GAZALİ: Gazâlî’nin “el-münkız mine’d-dalâl(hakikate giden yol)” adlı eserine göre insan, hakikatin bilgisine ulaşmak için akıl ve deneyi geride bırakmalıdır.
Gazâlînin bilginin kaynağına yönelik eleştirisinin temel dayanağı nedir?
Pozitif bilimlerde bir bilginin doğruluk kaynağı ancak bilimsel araştırmalarla ispatlanmış olmak zorundadır. Bilimsel araştırmalar ise, deneysel çalışmalar, deneyimler ve gözlem yoluyla bir bilginin kesinliği bilinebilir. Gazali’de önce duyu organlarına bakmış ve akıl prensipleri dışında olan bilgilerin doğruluğu hakkında şüpheye düşünmüştür. Bunun nedeni ise duyu organlarındaki en kuvvetli olan gözü düşünmüş ve gözümüzle dünyayı ve yıldızları incelediğimizde, yıldızların küçük ve parlak olduklarını görebildiğimizi söyler.
Ancak astronomi bilgisi yıldızların aslında küçük değil dünyadan kat ve kat daha büyük olduğunu savunur. İşte tam burada gözle görülenlerin bilgisinin yetersiz olduğu ve akıl tarafından tam olarak kabul edilmediği ortaya çıkar. Gazali akılla kabul edilen bilgilerin de bir süre sonra duyu organlarında olduğu gibi başka bir delille çürütülüp geçersizliği konusunda birçok şüpheye düşer.
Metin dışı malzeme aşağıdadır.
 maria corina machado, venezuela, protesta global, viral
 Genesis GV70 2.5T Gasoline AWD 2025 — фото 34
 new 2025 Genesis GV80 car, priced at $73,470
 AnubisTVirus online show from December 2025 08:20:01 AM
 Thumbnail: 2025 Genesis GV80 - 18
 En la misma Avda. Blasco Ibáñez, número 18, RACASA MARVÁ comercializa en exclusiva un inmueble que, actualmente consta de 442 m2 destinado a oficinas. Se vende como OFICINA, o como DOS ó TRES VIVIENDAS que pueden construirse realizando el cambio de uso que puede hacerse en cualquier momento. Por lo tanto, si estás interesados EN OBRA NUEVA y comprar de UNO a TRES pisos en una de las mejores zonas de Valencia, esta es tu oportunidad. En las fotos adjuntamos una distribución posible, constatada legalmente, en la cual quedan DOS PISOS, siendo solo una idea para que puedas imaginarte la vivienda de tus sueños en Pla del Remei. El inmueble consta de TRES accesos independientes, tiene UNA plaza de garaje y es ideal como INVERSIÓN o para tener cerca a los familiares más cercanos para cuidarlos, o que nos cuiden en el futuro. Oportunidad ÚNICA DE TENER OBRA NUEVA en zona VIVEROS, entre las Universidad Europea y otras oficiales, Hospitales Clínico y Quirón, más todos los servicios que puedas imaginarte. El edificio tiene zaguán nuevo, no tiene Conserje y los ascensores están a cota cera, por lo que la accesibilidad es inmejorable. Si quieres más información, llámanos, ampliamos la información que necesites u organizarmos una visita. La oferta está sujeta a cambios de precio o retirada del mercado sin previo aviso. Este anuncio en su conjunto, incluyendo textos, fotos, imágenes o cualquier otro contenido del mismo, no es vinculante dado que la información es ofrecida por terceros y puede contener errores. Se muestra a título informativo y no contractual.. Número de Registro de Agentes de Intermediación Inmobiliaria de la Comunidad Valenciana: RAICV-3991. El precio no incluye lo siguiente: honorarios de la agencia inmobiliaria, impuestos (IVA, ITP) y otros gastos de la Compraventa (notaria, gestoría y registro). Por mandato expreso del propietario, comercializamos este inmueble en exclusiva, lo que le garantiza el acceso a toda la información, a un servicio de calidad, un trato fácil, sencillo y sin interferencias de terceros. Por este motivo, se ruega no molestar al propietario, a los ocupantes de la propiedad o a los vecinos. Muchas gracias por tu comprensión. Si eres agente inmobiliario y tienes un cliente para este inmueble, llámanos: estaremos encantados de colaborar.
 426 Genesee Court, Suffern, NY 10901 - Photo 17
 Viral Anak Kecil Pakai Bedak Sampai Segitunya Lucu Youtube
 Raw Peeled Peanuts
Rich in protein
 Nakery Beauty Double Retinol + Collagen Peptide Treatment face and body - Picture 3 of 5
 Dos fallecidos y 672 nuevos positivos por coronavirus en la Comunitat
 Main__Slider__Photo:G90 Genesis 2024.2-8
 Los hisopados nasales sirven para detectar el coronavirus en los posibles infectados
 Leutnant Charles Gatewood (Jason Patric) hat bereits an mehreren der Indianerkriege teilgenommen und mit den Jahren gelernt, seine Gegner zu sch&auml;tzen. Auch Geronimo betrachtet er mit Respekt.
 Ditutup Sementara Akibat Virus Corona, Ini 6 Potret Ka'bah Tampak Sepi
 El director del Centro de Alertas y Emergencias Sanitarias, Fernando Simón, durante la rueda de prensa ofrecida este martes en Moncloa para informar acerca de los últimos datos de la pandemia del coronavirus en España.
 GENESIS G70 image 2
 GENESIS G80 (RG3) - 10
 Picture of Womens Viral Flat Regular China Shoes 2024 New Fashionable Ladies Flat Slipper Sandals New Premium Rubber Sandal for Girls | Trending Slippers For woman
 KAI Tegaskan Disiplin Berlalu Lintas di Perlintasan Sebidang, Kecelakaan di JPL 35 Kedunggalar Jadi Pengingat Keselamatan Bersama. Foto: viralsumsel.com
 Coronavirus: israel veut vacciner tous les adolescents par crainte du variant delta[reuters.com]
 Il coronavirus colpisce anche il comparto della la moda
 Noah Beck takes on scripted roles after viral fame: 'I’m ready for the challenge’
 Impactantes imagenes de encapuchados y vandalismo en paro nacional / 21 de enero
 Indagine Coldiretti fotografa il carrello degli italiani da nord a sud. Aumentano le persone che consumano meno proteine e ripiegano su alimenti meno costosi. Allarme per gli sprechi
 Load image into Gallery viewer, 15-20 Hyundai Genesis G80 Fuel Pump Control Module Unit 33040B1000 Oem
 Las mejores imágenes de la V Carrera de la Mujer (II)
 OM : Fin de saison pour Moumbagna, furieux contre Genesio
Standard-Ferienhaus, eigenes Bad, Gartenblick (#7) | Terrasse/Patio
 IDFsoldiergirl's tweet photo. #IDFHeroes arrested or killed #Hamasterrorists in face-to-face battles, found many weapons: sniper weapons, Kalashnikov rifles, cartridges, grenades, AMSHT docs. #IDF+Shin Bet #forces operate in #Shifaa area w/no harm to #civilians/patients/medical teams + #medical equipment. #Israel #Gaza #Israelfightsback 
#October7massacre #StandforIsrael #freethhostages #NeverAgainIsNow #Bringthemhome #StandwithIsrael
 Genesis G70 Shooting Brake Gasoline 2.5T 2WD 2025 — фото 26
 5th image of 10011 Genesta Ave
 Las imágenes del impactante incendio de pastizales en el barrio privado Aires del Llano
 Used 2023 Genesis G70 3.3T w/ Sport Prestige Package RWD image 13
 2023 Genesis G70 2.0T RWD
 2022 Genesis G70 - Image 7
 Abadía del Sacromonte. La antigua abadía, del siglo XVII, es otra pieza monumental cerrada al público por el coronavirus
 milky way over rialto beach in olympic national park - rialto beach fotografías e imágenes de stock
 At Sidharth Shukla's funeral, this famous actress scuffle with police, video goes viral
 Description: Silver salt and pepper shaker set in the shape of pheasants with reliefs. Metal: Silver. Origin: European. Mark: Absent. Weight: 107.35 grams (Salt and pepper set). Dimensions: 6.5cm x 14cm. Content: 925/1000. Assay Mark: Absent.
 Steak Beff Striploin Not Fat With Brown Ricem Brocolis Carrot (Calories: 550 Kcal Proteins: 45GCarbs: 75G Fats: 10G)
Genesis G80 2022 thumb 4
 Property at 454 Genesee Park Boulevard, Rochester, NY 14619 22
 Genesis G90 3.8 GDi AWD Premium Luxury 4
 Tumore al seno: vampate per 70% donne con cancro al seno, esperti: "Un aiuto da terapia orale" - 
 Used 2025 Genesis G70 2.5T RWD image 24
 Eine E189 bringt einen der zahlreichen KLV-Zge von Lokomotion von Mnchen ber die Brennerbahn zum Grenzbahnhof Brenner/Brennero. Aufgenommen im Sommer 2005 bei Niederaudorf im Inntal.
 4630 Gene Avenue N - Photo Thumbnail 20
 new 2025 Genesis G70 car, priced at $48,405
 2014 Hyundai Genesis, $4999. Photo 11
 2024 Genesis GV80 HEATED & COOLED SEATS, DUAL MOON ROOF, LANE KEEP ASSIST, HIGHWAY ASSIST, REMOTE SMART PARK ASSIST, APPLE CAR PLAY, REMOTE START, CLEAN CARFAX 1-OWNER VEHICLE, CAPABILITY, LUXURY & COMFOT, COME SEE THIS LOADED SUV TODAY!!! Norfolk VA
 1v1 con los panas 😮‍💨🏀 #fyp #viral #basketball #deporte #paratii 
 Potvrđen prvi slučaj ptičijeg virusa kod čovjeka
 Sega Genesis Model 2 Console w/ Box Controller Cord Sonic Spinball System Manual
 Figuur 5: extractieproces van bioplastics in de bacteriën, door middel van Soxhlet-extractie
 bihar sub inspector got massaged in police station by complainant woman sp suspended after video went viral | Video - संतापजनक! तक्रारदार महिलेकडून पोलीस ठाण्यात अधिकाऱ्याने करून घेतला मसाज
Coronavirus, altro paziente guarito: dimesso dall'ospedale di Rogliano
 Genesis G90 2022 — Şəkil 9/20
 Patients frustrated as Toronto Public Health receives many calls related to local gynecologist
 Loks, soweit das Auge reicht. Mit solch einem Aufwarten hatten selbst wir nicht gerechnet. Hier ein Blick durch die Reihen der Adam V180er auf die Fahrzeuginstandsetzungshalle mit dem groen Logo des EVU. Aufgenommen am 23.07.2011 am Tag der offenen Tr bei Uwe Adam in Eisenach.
Bu tür vesveselerden kurtulmak için çareler arayan Gazali, ancak Allah’ın yardımıyla akli bilgileri kabul etmeye başlar. Artık vicdanı rahatlamış ve zorunlu akli bilgileri geçerli görmeye, onların doğruluklarını kabul etmeye ve güvenmeye başlamıştır. Bu durumu pozitif bilimler açısından açıklamak biraz güçtür. Gazali’nin bur durumdan kurtuluşu “Tasavvuf” ilmiyle açıklanabilir.
Tasavvufta “kalp gözü” olarak kabul edilen ve doğru bilginin Allah’ın insan kalbine ilham etmesiyle anlaşılan bir durumdan söz etmek daha doğru olur. Çünkü Gazali büyük bir İslam alimi ve ayrıca bir filozoftur. Fakat yaptığı tüm araştırmalar ve yaşadığı bazı olaylar onu “Tasavvufa” yöneltmiş ve bu yolda ilim faaliyetlerine devam etmiştir.